What does that mean? Well, this is basically Paul’s way of saying, “I know that this doesn’t make sense to you…but trust me on this one. This is God’s will for you.”


So here’s the thing, I can stand up here all day and try to make sense out of this. I can stand up here all day and try to explain why we should give thanks in every situation. But it’s not going to work. And it’s not going to work because it is never going to make sense…until you actually do it.


And it’s not going to make sense because giving thanks in every situation isn’t a human thing…it’s a God thing. And we can’t understand these God things until we do what God wants us to do. But when we do, that lightbulb goes on and it makes perfect sense.


Because when we can be thankful in every situation – whether we’re succeeding or struggling – we can see that God is always with us. God is with us on the mountaintops and in the valleys. God is with us when we’re up and when we’re down. God is with us when we have everything going for us and when we have everything going against us. God is always with us.


And when we realize that God is always with us, it helps us to understand that we have everything we need…even if we don’t have everything we want. Because in life, we’re always going to want more. We’re always going to think that we can have better.

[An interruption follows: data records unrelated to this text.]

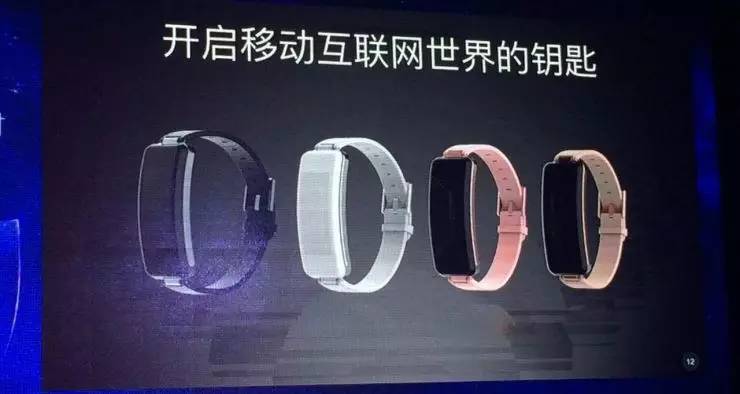 密码老是忘？腾讯发布了这个“体外密码”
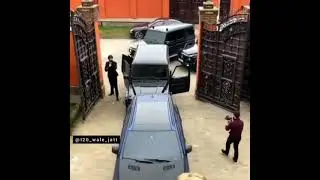 ENTERY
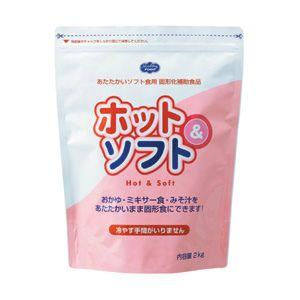 ヘルシーフード株式会社 ホット＆ソフト 2kg × 4 【JAPITALFOODS】（7〜10日要・...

But nothing is better than realizing that God is with you. There’s no car you can drive, no clothes you can wear, no technology you can find that is better than knowing God is with you. And the only way to realize God is always with you is to rejoice always, to pray continually, and to give God thanks in every situation. Because when you do you see how God is always with you and at work in your life.


So, yes, we’re encouraging you to give thanks today. We’re encouraging you to give thanks in every situation. And we’re doing it even though it doesn’t make sense. But just take God’s word for it, try it and see for yourself how everything can change when you can give thanks in every situation.